In the fresh autumn chill of Santa Fe, New Mexico, I recently participated in a meaningful team building exercise with several colleagues from i.d.e.a. The experience was a profound reminder of the power of truth. We shed our professional personas and embraced vulnerability through truthful sharing in order to strengthen the trust we have in one another.
Of course honesty is an important trait in our personal lives and professional aspirations. Most people have experienced when the lack of honesty has led to the downfall of something important, such as a close relationship.
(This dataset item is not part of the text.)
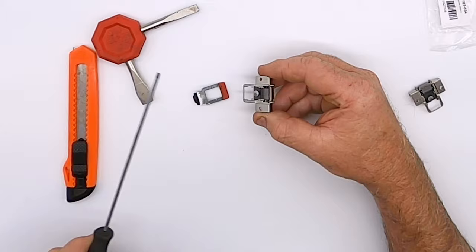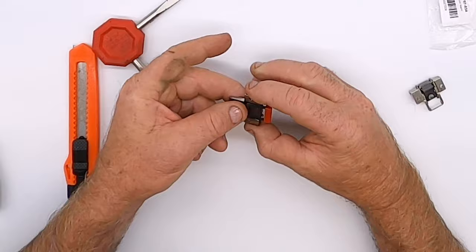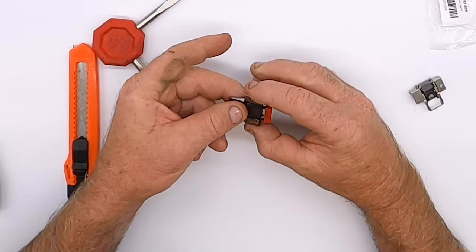Place the blade interlock over the two raised springs and firmly press into place. Your new blade support is now ready for installation.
But truth also has an intrinsic importance in what we do as marketers. For example, there are rules against making invalid product claims, and brands want to live up to the images they portray. There are also billions of dollars transacted every year between media buyers and sellers that are rooted in metrics such as Nielsen ratings, audited print circulations, digital audience measurement, etc. that are critical to the allocation of these media dollars. The industry depends on truthful accounts of the metrics or the transactions would collapse from lack of trust. Although the systems aren’t perfect, the fact that they endeavor to be is an important base to work from.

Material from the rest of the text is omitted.